Action item: Nothing but the lines from the one containing "Page 2 Chapter" through the last line of the material should appear in the answer, transcribed exactly, pictures excluded.

Information provided:
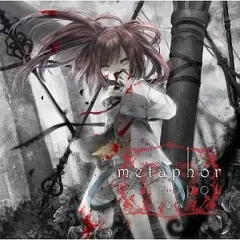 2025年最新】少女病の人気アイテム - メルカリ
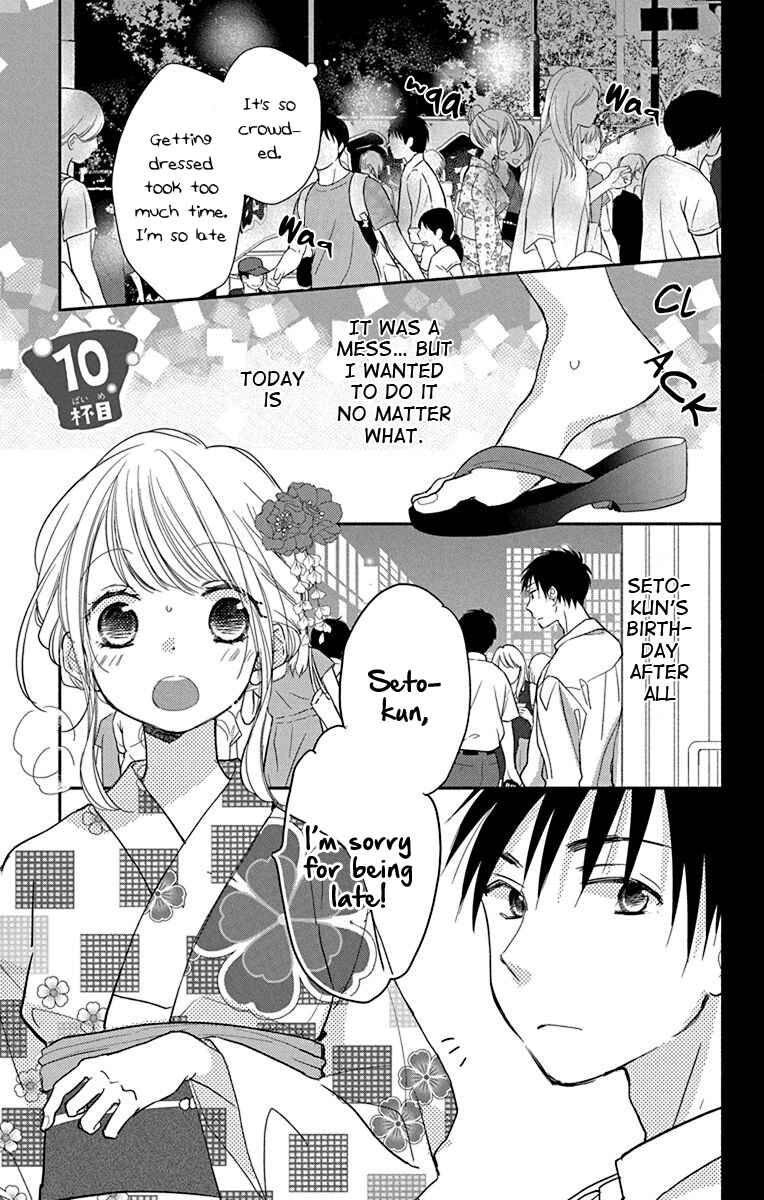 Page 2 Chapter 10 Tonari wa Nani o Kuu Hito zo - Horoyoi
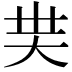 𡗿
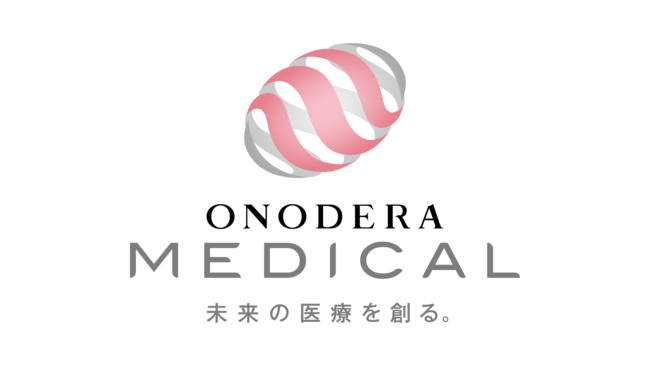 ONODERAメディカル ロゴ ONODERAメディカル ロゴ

Output of the exercise:
 Page 2 Chapter 10 Tonari wa Nani o Kuu Hito zo - Horoyoi
 𡗿
 ONODERAメディカル ロゴ ONODERAメディカル ロゴ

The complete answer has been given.